Alice Frost, Director of Knowledge Exchange at Research England, reflects on a meeting between leading research commercialisation units from the US and UK, part of an enduring relationship between UK and USA Tech Transfer Offices.
Last week we welcomed visitors from America. This was part of a series of strategic transatlantic conversations that we have supported over the years between UK and USA university Technology Transfer Offices (TTOs). Organised by Dr Tony Raven, head of Cambridge Enterprise, we met with Lesley Millar-Nicholson, the head of technology transfer at the Massachusetts Institute of Technology (MIT), Karin Immergluck, head at Stanford University, and Joe Allen who played an important policy role in the passing of the US Bayh-Dole Act and in developments on US university intellectual property (IP) since. (Bayh-Dole conferred ownership and obligation to exploit IP from federally funded research on universities in America.)
We heard from USA and UK experts on what we should do to advance commercialisation in the UK, focusing on the development of spin-off companies formed from university IP. This is one important component to delivery of the Government’s target of 2.4% of GDP to be spent on R&D in the UK.
A key message was to reinforce the finding of the McMillan review of good practice in technology transfer (2016) that UK technology transfer now operates on a par with best practice in USA. It also confirmed the McMillan review conclusion that the “ecosystem” matters.
The entrepreneurial conditions in the surrounding environs to the university, such as access to venture capital and mentorship, affect how easy – or hard – it is to form and grow the very early stage tech companies emerging out of university research. This in turn affects the role played by technology transfer experts.
In Kendall Square around MIT, or in Silicon Valley around Stanford, the university TTO focusses on the licensing of the technology, with the ecosystem naturally supplying the other ingredients to start up. The university and particularly the TTO may play little part in spin off formation, with the faculty member able to find the necessary resources and expertise in local, private partners. Academic faculty may then turn up in the TTO with venture capital and a management team already on board, just wanting a license from the TTO to use the university’s IP. (We learnt though that licensing in a university of the scale of MIT is a mammoth and fascinating task. Challenges include the increasingly team nature of research with IP then owned by multiple inventors, a myriad of potential conflicts of interest where faculty are entrepreneurs and ethical and practical challenges of exploiting new technologies like Artificial Intelligence.)
Our conversations though turned primarily to the experiences of universities outside of these globally leading ecosystems. Although the Cambridge cluster is much admired worldwide, Tony Raven confirmed that at Cambridge, venture capitalists do not beat down his door daily. In terms of experiences of other universities in the UK, we noted, as an example, that venture capital in the North East of England totaled £1 million in 2017 out of a UK total of £463 million.
We then learnt a lot from Lesley Millar-Nicholson’s account of her previous experience at the University of Illinois at Urbana-Champaign. She took us through the journey of a university with no existing ecosystem but with research to exploit. In a “fly-over state” between the successful West and East tech and finance systems, persuading a venture capitalist to drive the two hours out of Chicago was an almost impossible task - initially. The word “bootstrapping” was used to describe the process of gathering resources for incubators, accelerators, entrepreneurship programmes and the like, toward a successful commercialization offer and environment.

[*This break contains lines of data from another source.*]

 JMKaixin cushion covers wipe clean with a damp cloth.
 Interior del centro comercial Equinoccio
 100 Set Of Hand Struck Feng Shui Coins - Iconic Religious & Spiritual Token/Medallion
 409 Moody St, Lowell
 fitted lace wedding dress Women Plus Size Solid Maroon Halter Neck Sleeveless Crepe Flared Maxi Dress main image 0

The inspiring feature from our conversations was to realise the important role that a university can play in local economic development, helping places and communities benefit in the transition to a technology and knowledge-based economy. Universities play a critical role in the inter-section of national UK policies on commercialization and place, helping ensure that the whole country benefits from our world class research and innovation.
It was timely then that this week we also launched a competition to allocate £10 million from Government and our Research England Development Fund for development of incubators and accelerators, as part of the Government’s University Enterprise Zones (UEZ) programme. This builds on universities’ strong commitment in this area, with over 120 English HEIs reporting access to an incubator or acceleration offer. However, quality in incubation and acceleration is the critical factor, to achieve intended outcomes such as faster growth and increased access to finance for tenant companies. The UEZ programme is a very important opportunity to identify and spread best practice, and we look forward to working with university experts to deliver this.